The ALJ's assessment of the consulting and examining physicians' opinions is similarly flawed. He found that they weren't supported by objective findings and were inconsistent with other evidence (Ms. Smith's 2006 functional capacity evaluation and the "credible portions" of Dr. Lazoff's 2007 opinions (those portions that were consistent with Ms. Smith's evaluation)). But "[a]n ALJ can reject an examining physician's opinion only for reasons supported by substantial evidence in the record; a contradictory opinion of a non-examining physician does not, by itself, suffice." Gudgel v. Barnhart , 345 F.3d 467, 470 (7th Cir. 2003).

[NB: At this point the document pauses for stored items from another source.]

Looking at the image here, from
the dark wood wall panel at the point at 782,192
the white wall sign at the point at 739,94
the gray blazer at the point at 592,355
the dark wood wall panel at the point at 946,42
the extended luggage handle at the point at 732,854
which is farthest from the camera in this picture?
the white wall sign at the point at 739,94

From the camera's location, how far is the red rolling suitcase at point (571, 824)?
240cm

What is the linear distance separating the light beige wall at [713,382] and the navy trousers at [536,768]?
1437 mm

The ALJ speculated that Mr. Caban might have exaggerated his symptoms and limitations and that his treating and consulting physicians might have relied on his subjective complaints in assessing the severity of his impairments. Having found fault with virtually all of the treating and consulting physicians' opinions, the ALJ substituted his own medical judgment for theirs and concluded that Mr. Caban wasn't disabled, effectively making himself the doctor. His findings in that regard are inadequate. See Kangail v. Barnhart , 454 F.3d 627, 629 (7th Cir. 2006); Clifford v. Apfel , 227 F.3d 863, 870 (7th Cir. 2000); Green v. Apfel , 204 F.3d 780 (7th Cir. 2000).

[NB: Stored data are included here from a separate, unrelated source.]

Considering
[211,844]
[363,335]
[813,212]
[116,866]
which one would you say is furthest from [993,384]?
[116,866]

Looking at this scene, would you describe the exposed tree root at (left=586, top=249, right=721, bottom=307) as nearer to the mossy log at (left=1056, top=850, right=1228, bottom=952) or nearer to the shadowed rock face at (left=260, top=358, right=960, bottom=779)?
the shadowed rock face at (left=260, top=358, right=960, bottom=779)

While a claimant bears the burden of proving disability, the ALJ in a Social Security hearing has a duty to develop a full and fair record. See Smith v. Apfel , 231 F.3d 433, 437(7th Cir. 2000); Luna v. Shalala , 22 F.3d 687 (7th Cir. 1994); Thompson v. Sullivan , 933 F.2d 581, 585 (7th Cir. 1991). If the basis of the physicians' opinions wasn't readily discernable or the ALJ needed clarification, he "ha[d] a duty to solicit additional information to flesh out" their opinions. Barnett v. Barnhart , 381 F.3d 664, 669 (7th Cir. 2004). He didn't do that, and his findings with respect to those opinions and the severity of Mr. Caban's impairments aren't adequately supported by the record and are insufficient.

To the extent the ALJ's decision regarding the severity of Mr. Caban's impairments and his residual functional capacity was premised on his assessment of Mr. Caban's credibility, it too is insufficient. The regulations do not "require objective medical evidence to corroborate statements about the intensity, persistence, and functional effects of pain or other symptoms, " Pope v. Shalala , 998 F.2d 473, 482 (7th Cir. 1993), nor do they "require a finding of disabled every time a claimant states that she feels unable to work." Id . at 486. The ALJ must evaluate a claimant's subjective complaints in light of all the evidence, including the claimant's work history, the medical evidence, the claimant's testimony and general demeanor, personal observations, and other factors such as the nature, location, onset, duration, frequency, radiation and intensity of any pain, precipitating and aggravating factors; the type, dosage, effectiveness, and adverse effects of any pain medication; treatment for relief of pain; daily activities and functional restrictions. S.S.R. 88-13; Pope v. Shalala , 998 F.2d 473, 485-486 (7th Cir. 1993). The ALJ didn't do that in this case.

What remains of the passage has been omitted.